• _Work to be completed_: Where the listing shows an image, skip it and output all other material unchanged.

• _Supplied material_:
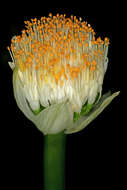 Imagem de Haemanthus albiflos Jacq.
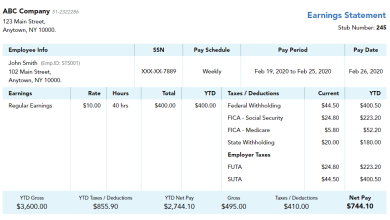 Pay Stub for Self Employed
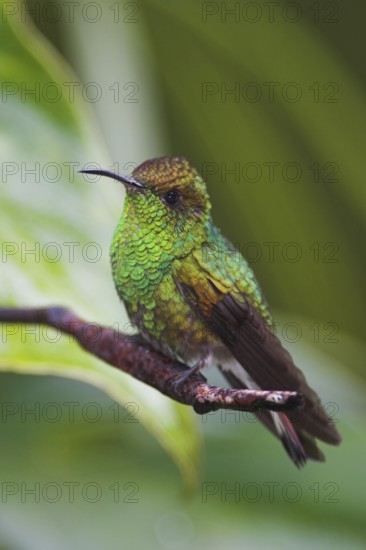 Coppery-headed Emerald (Elvira cupreiceps), Costa Rica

• _Reply_:
 Imagem de Haemanthus albiflos Jacq.
 Pay Stub for Self Employed
 Coppery-headed Emerald (Elvira cupreiceps), Costa Rica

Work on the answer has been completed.